If consciousness arrises from complex enough data processing, at what point do you give up on ML training and obsess over AI sentience?

KarlH · October 31, 2018, 3:11am

The model isn’t evenly trained. There’s the resnet backbone, which has been extensively trained on all of Imagenet, and the head, which we add on for our classification purpose and is entirely untrained.

If you trained the entire model at once, you could get large errors coming from the untrained layers back propagating through the model and messing up your nicely pretrained weights.
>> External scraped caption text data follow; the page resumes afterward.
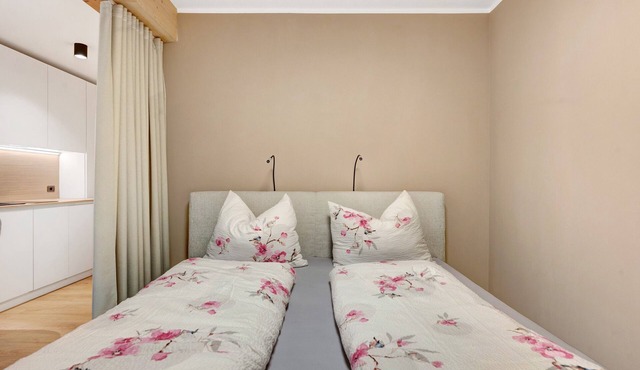 Apartment 'Heidi' with Shared Garden and Wi-Fi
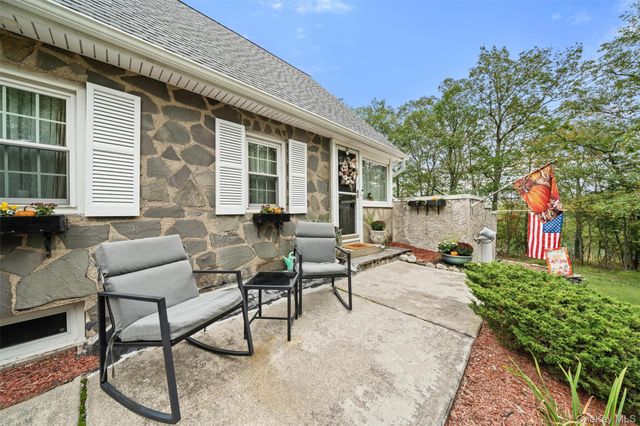 17 Nightingale Trail E, Wurtsboro, NY 12790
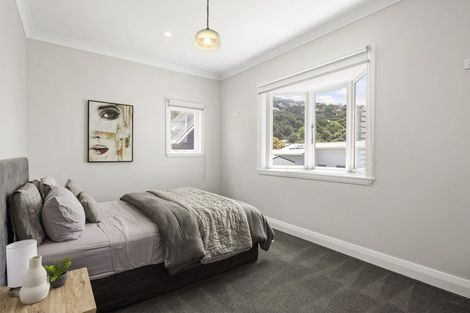 Photo of property in 212 Queens Drive, Lyall Bay, Wellington, 6022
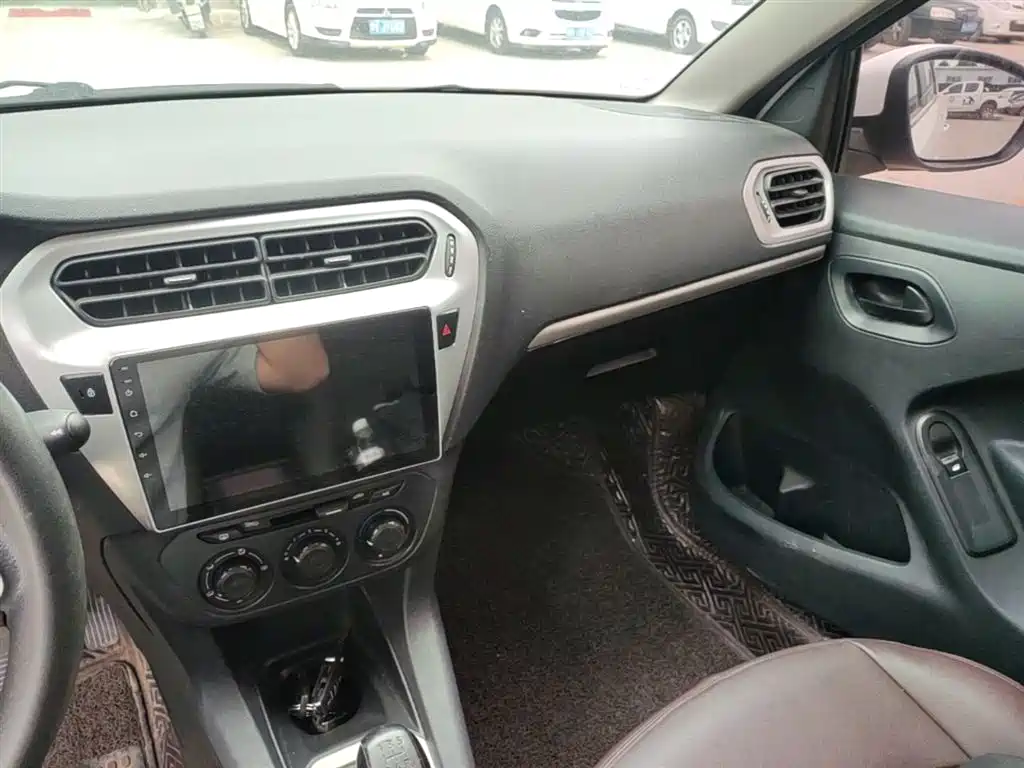 Peugeot 301 2016 1.6L Manual Comfort Edition фото 9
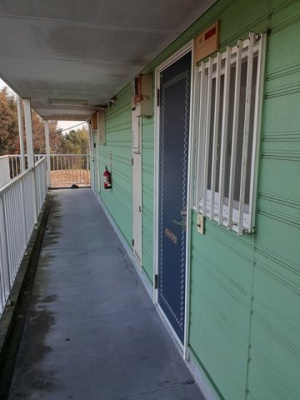 【エントランス】 | グリーンハイツ中西 | ゆとりのあるエントランスです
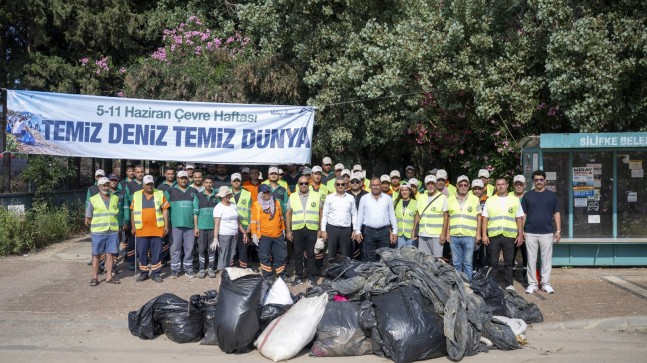 Mersin Büyükşehir Belediyesi’nden Sahillerde Temizlik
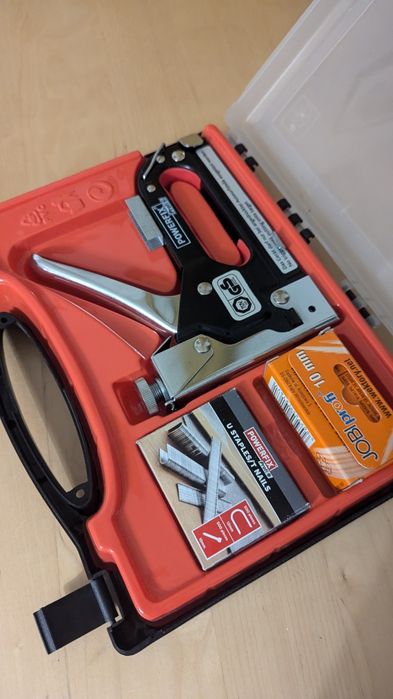 Zszywacz tapicerski ręczny POWERFIX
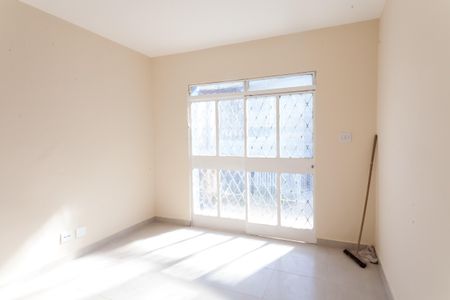 Sala de TV de casa para alugar com 3 quartos, 250m² em Santa Tereza, Belo Horizonte
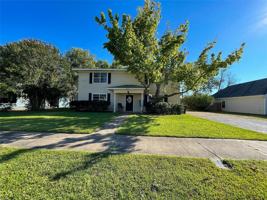 featured image of 1016 W Gandy St #4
Training with the backbone frozen allows us to only trained the untrained layers in the head. Once those layers have converged somewhat, we unfreeze the entire model and continue training.
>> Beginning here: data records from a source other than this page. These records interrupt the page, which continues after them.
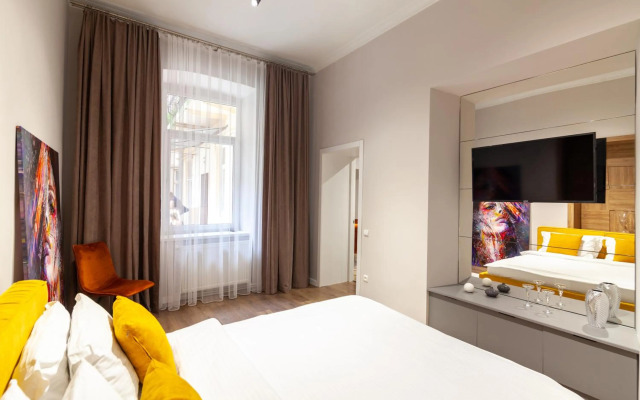 Royal apartment on Glibova 5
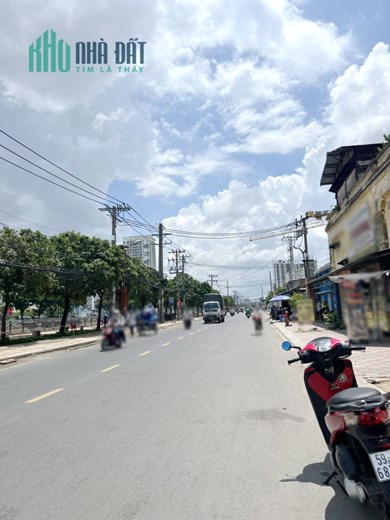 Cho thuê nhà 200m2 mặt tiền đường Mễ Cốc P15Q8 - 22 Triệu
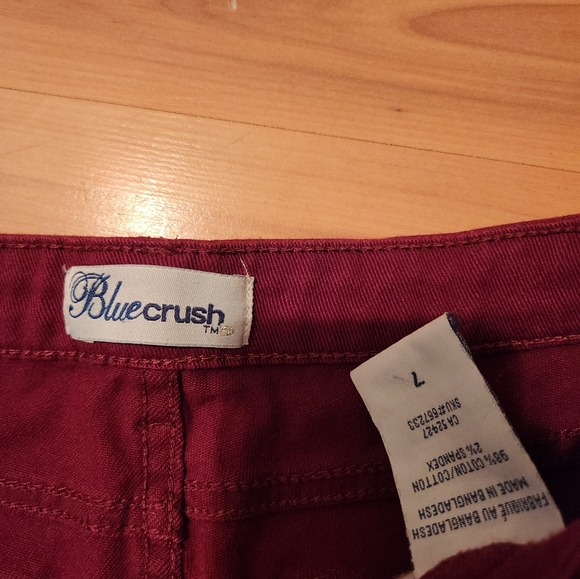 Burgundy Shorts - Picture 3 of 4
Mauro · October 31, 2018, 3:12am

Its OK. I just saw what you meant. It was good question.

sandmann · October 31, 2018, 3:12am

“The cycle length of the total move up and down is accros the number of epochs.”
Thanks a lot - that’s important to understand!

simonw · October 31, 2018, 3:13am

When you first access models.resnet34 you get a progress bar while it downloads the model to disk, which is the thing that confused me.

Benudek · October 31, 2018, 3:13am

if you dont get that url download file after below, check the adblocker.

urls = Array.from(document.querySelectorAll(’.rg_di .rg_meta’)).map(el=>JSON.parse(el.textContent).ou);
window.open(‘data:text/csv;charset=utf-8,’ + escape(urls.join(’\n’)));

sgugger · October 31, 2018, 3:13am

That’s the pretrained models. Here during inference, you’ll load your own model.

gamino · October 31, 2018, 3:14am

learn.be_patient()

evan.xiong · October 31, 2018, 3:14am

I am interested, what is the right practice in fastiai, to load a set videos and sample e.g. every 3 second, to from a bunch series of images. So that I can apply Resnet34 (time-distributed) on each image and apply an LSTM on the next layer, for building a video classifier?

vedder · October 31, 2018, 3:14am

For unbalanced data: What do you do if the class you care most about is a rare class. An example is identifying skin lesions where the most common benign class is way more frequent than melanoma?